## TASK DETAILS:
Please return only the lines from the one holding "桑乔:多特边锋崭露头角背后的努力与天赋 桑乔:多特边锋崭露头角背后的努力与天赋" through the one holding "Iveco Daily Chassis", exactly as they appear in the records below, both ends included.
*** EXTRACTED DATA Section Begins ***
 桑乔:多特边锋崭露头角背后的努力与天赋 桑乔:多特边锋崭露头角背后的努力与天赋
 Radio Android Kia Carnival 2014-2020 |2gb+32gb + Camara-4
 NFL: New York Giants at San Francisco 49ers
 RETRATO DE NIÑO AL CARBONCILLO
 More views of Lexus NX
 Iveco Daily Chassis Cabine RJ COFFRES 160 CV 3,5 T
*** EXTRACTED DATA Section Ends ***
*** EXTRACTED DATA Section Begins ***
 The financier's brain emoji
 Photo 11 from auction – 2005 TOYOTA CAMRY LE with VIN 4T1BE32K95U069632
*** EXTRACTED DATA Section Ends ***
*** EXTRACTED DATA Section Begins ***
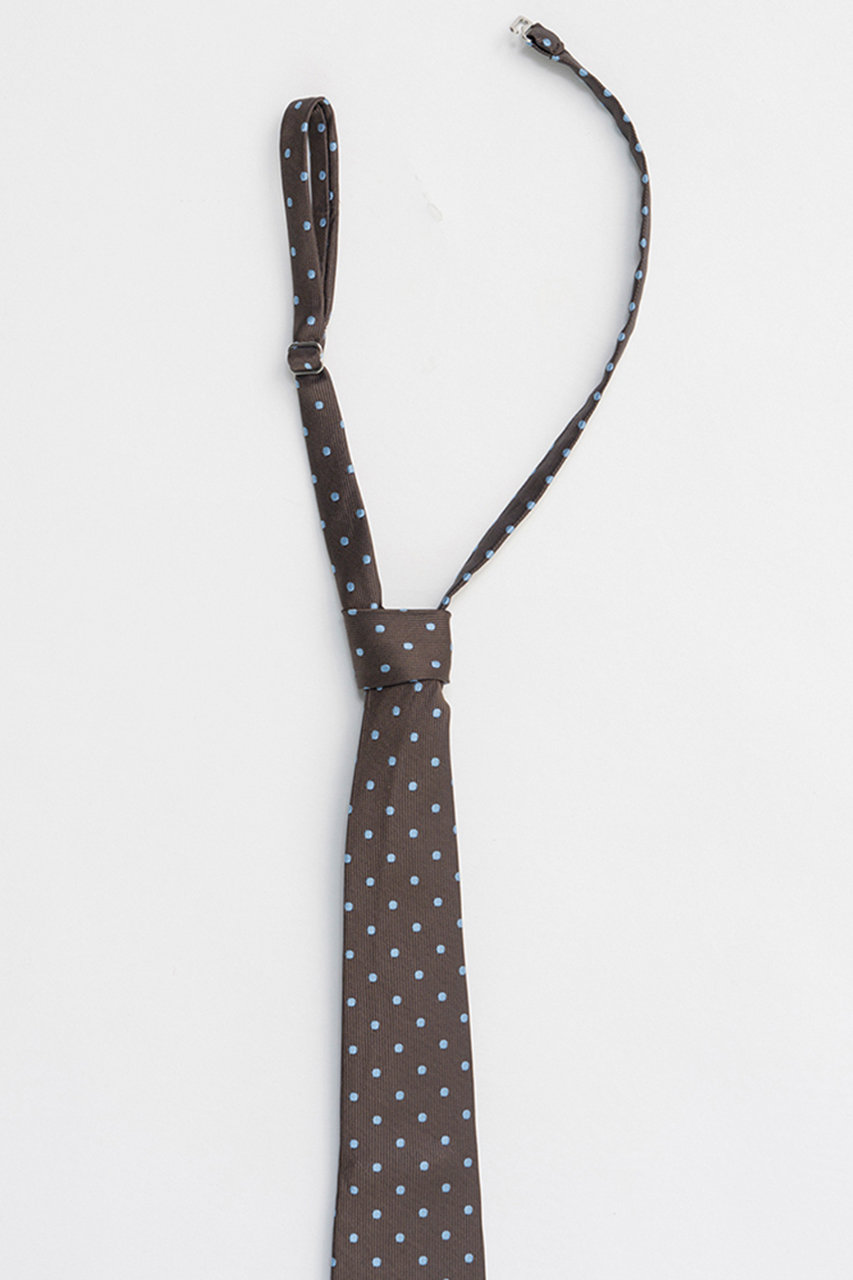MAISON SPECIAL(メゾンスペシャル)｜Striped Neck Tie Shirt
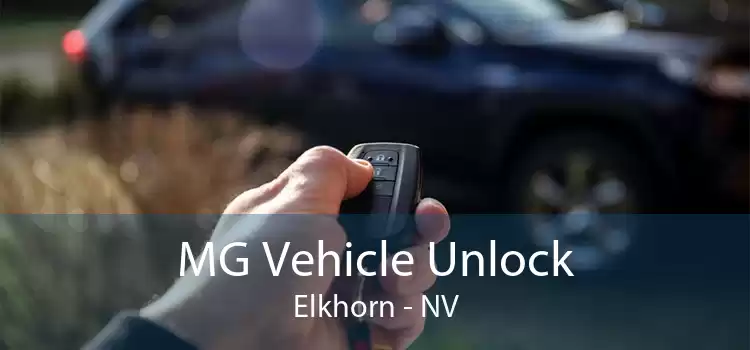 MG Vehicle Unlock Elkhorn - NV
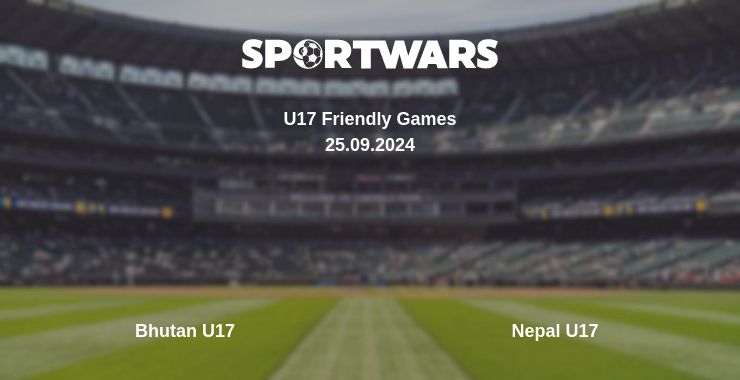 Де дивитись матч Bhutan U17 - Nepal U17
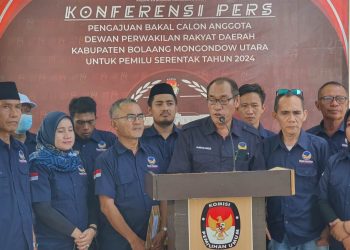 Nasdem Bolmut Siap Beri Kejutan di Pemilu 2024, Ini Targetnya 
*** EXTRACTED DATA Section Ends ***
## ANSWER TO THIS TASK:
 桑乔:多特边锋崭露头角背后的努力与天赋 桑乔:多特边锋崭露头角背后的努力与天赋
 Radio Android Kia Carnival 2014-2020 |2gb+32gb + Camara-4
 NFL: New York Giants at San Francisco 49ers
 RETRATO DE NIÑO AL CARBONCILLO
 More views of Lexus NX
 Iveco Daily Chassis Cabine RJ COFFRES 160 CV 3,5 T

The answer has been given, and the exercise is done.